> **Input**
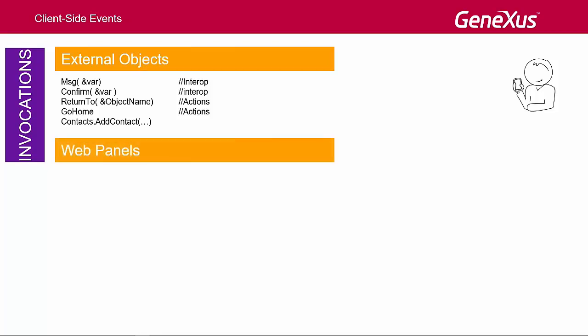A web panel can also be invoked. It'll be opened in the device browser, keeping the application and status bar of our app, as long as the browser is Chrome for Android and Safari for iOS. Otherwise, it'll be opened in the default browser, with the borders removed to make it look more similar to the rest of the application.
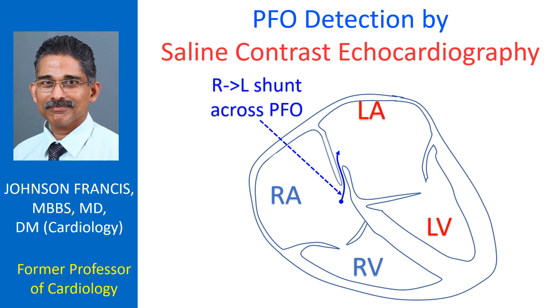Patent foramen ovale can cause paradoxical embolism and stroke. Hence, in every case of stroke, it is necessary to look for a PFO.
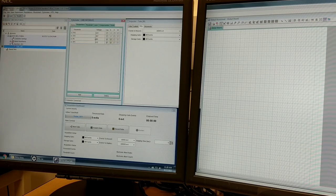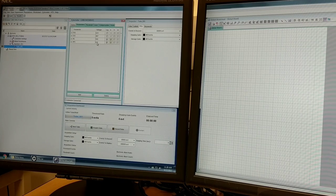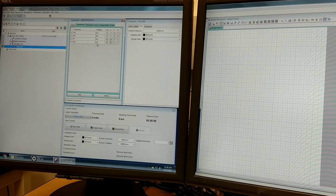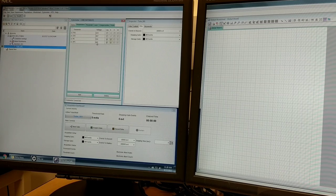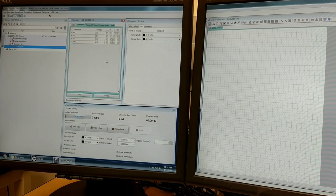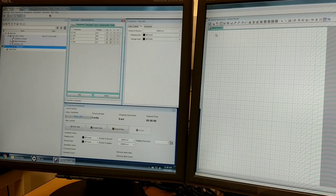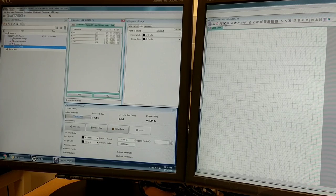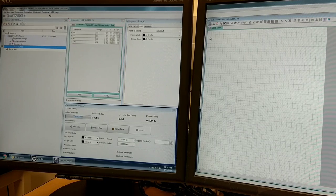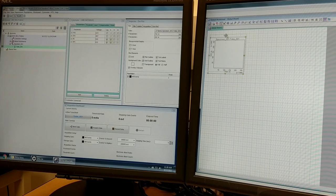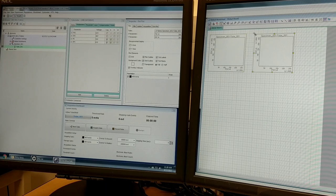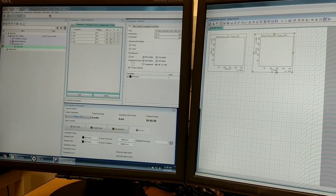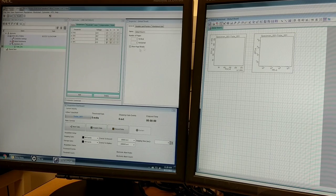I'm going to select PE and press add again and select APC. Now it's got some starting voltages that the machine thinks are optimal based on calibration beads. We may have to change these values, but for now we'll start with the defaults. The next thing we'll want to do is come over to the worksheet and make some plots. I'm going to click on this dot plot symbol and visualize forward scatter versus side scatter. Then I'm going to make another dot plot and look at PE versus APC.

==

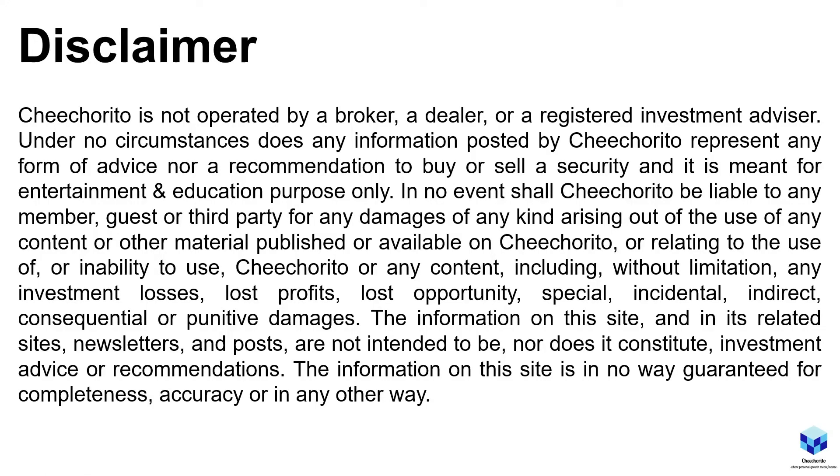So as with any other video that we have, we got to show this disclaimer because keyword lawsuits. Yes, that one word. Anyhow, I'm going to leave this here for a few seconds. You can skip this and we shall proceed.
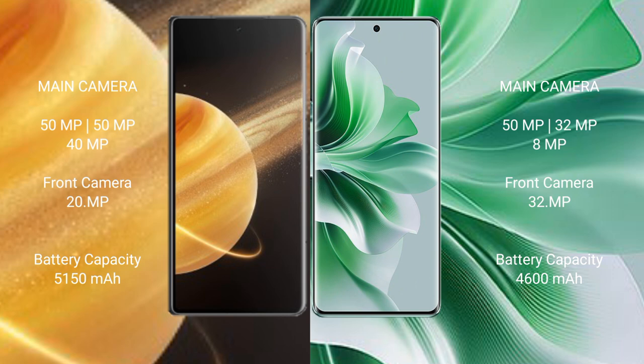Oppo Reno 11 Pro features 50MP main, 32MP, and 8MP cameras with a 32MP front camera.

> **What needs to be done**
Leaving out the pictures, please output the lines in the entries above from the one with "A web panel" through the one with "I'm going to select", exactly as they are.

> **Exercise solution**
A web panel can also be invoked. It'll be opened in the device browser, keeping the application and status bar of our app, as long as the browser is Chrome for Android and Safari for iOS. Otherwise, it'll be opened in the default browser, with the borders removed to make it look more similar to the rest of the application.
Patent foramen ovale can cause paradoxical embolism and stroke. Hence, in every case of stroke, it is necessary to look for a PFO.
I'm going to select PE and press add again and select APC. Now it's got some starting voltages that the machine thinks are optimal based on calibration beads. We may have to change these values, but for now we'll start with the defaults. The next thing we'll want to do is come over to the worksheet and make some plots. I'm going to click on this dot plot symbol and visualize forward scatter versus side scatter. Then I'm going to make another dot plot and look at PE versus APC.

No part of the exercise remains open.